About the Book:
Cast a stone. Aim true. Let her sink.
Nate can't believe he's dragged himself up to this backwater town. Port Flinders would have fallen off the map years ago, except for one thing. Tourists flock to its mangrove-lined shores for the annual Drowning Girl festival: sacrifice a girl at sea, and the fishing hauls that keep the town afloat will prosper. Or don't and the whole town will sink.
But it's just a legend, a gimmick. Everybody knows that.
As fireworks light up the night sky, a woman's body is pulled from the inky waters of the gulf. Shock waves threaten to tear Port Flinders apart when she's identified as Kelsey Webb: a local teenager thought dead for twenty-five years.
As Nate tries to find the truth about what happened to Kelsey, he uncovers a string of deadly accidents over the decades. All women. All drowned. And always during the festival.
In his search for answers, the legend of the Drowning Girl begins to take hold of Nate, weaving its way into his head and threatening to pull him under, and he begins to question which sacrifices are truly necessary.

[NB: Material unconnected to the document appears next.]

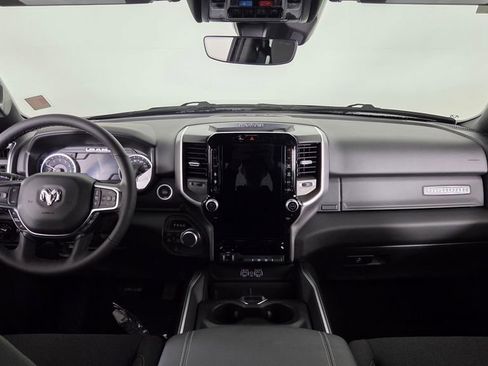 New 2026 RAM 1500 4x4 Crew Cab image 32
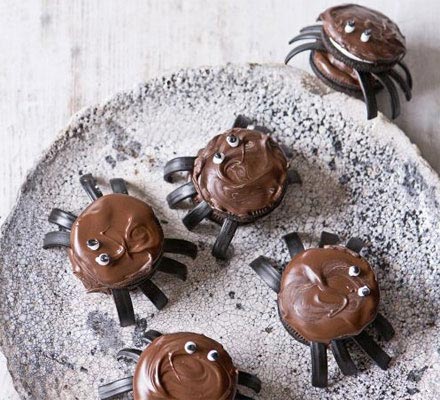 Chocolate spider cookies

Published by HarperCollins Publishers Australia
Released 5 July 2023
My Thoughts:
2021 winner of the Banjo Prize, Veronica Lando, has returned with her second novel, The Drowning Girls. From its eerie cover onwards, readers are treated to a story that walks a fine line between creepy and strange. It's enormously addictive, despite my initial reservations about the main character, Nate. He wasn't particularly likeable at first, but he grew on me, especially after a certain twisty reveal within the story that I am not going to further allude to, so that you can experience the same 'ah-ha' moment that I did.
The Port Flinders setting within The Drowning Girls is a place I'd not want to visit. It's creepy, with its annual Drowning Girl festival, whereby an effigy of a girl is sacrificed at sea to keep the fishing hauls going. And yet, it seems it's not only effigies of girls drowning; the town has a history of actual women drowning down through the decades, and no one local seems to think this is sinister.
I'm not a huge reader of crime fiction, maybe one every couple of months, and when I do select one, I'm a bit fussy on what I choose and what I pass on. The cover drew me in with this one, it's eerie, yet strangely compelling. I read this novel quite rapidly as it really draws the reader in and keeps you turning the pages with increasing urgency. The ending has shock value, I can see it dividing readers, but I thought it was terrific. Bold and unexpected.
Thanks to the publisher for the review copy.